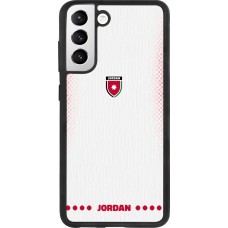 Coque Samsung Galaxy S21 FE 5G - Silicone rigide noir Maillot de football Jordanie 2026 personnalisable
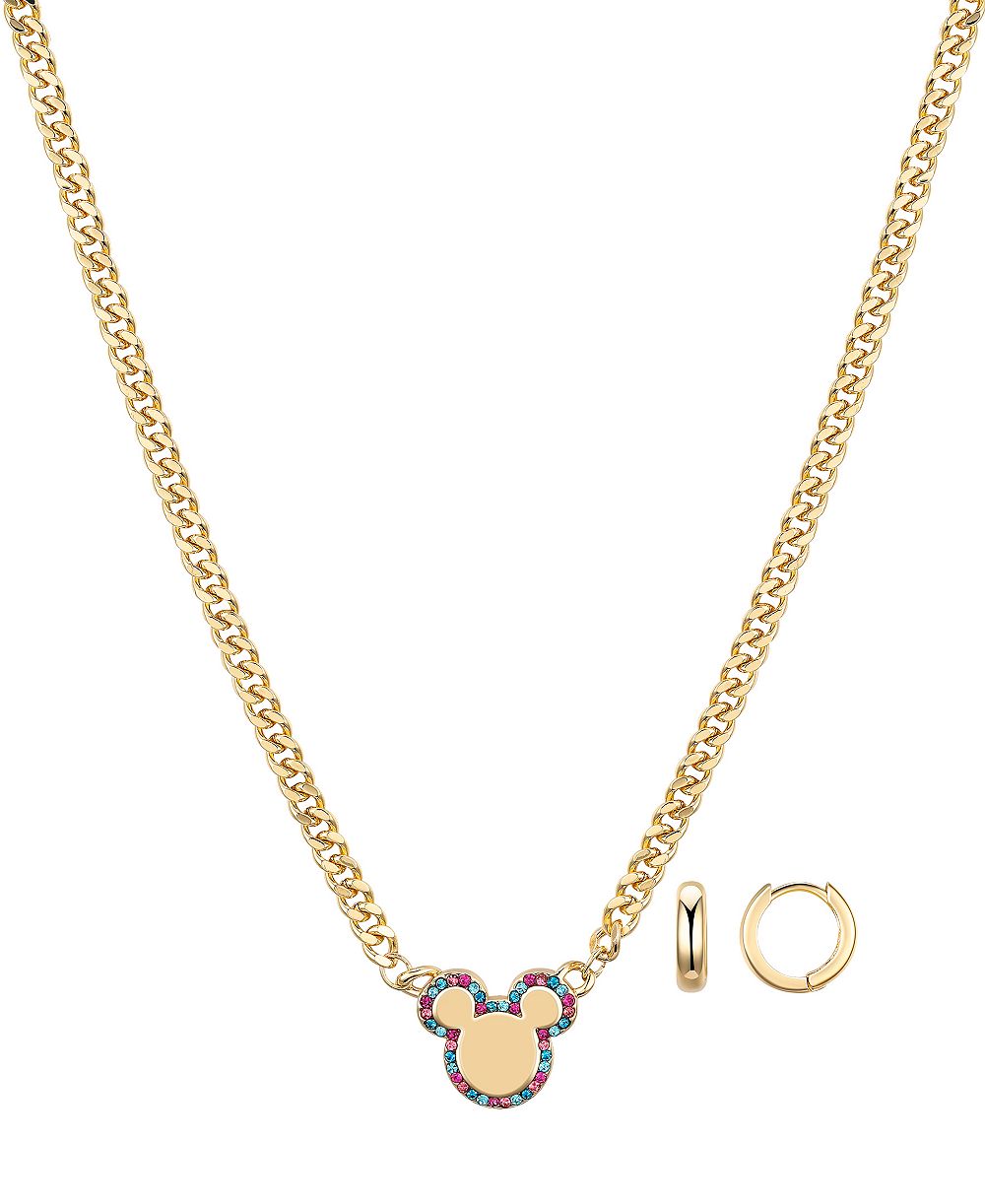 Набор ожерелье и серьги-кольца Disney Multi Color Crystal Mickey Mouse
───
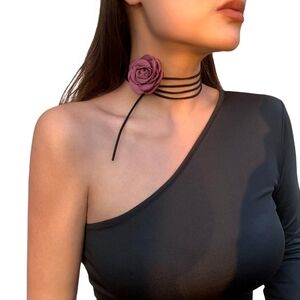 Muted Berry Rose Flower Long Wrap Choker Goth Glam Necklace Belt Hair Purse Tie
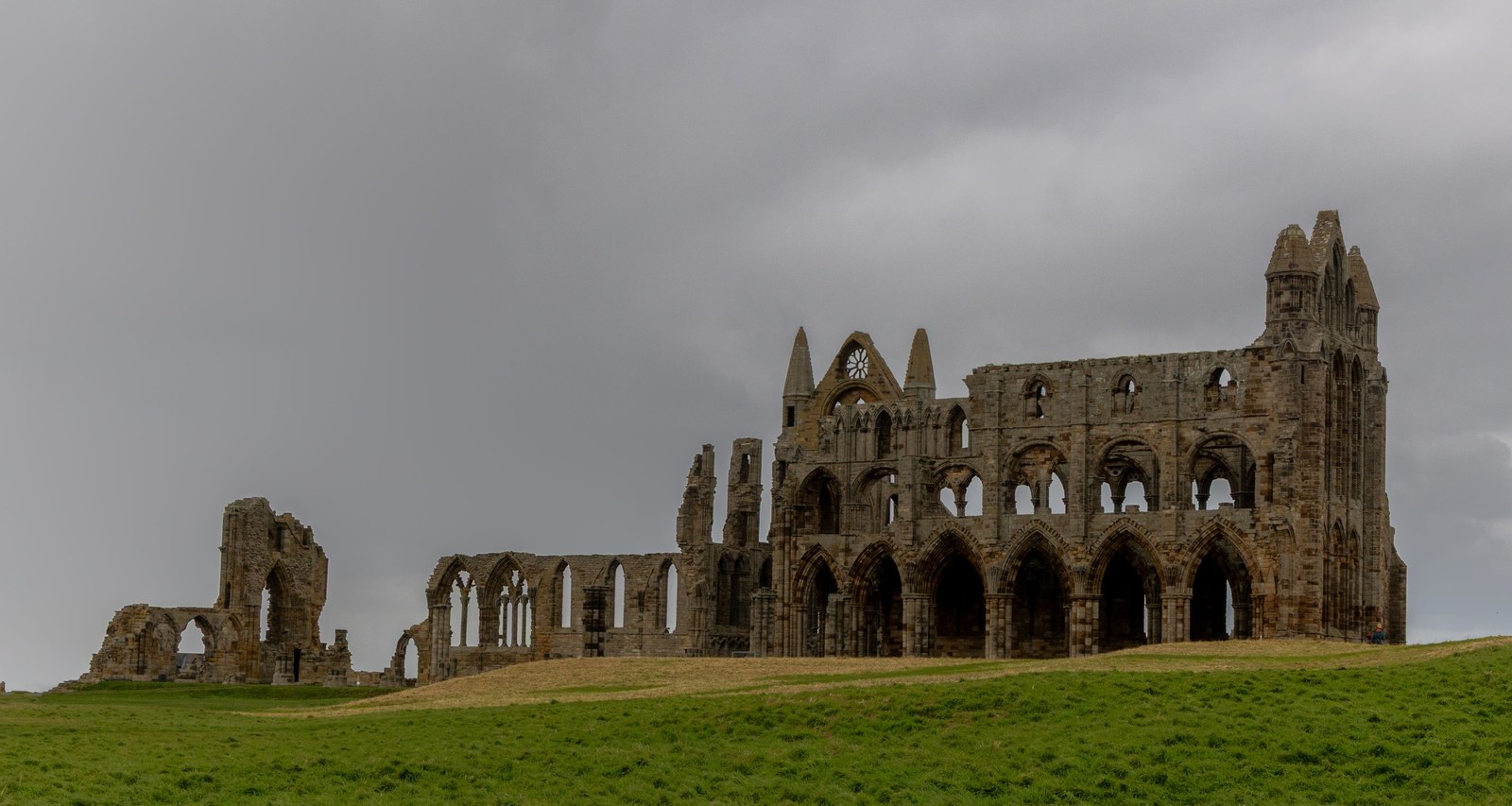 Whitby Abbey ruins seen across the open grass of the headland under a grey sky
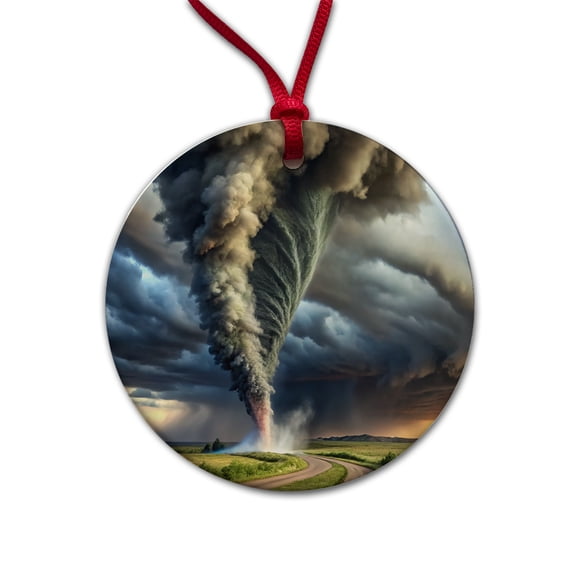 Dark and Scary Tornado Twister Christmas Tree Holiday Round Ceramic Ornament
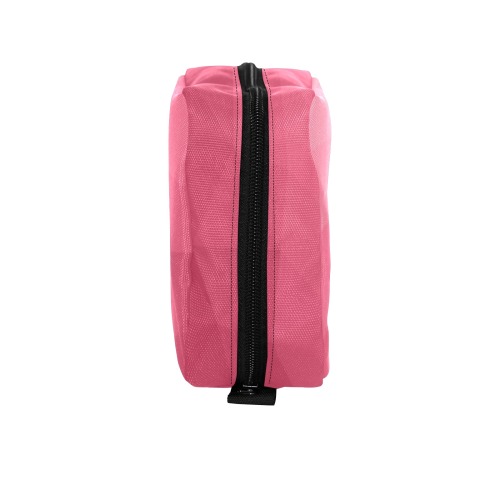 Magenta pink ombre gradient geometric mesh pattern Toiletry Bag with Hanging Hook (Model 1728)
───
TASK PROMPT:
Each line from the one that contains "Whitby Abbey ruins" down to the one that contains "Magenta pink ombre" is to be returned exactly as it stands above, both ends included, with pictures removed.

EXERCISE OUTPUT:
 Whitby Abbey ruins seen across the open grass of the headland under a grey sky
 Dark and Scary Tornado Twister Christmas Tree Holiday Round Ceramic Ornament
 Magenta pink ombre gradient geometric mesh pattern Toiletry Bag with Hanging Hook (Model 1728)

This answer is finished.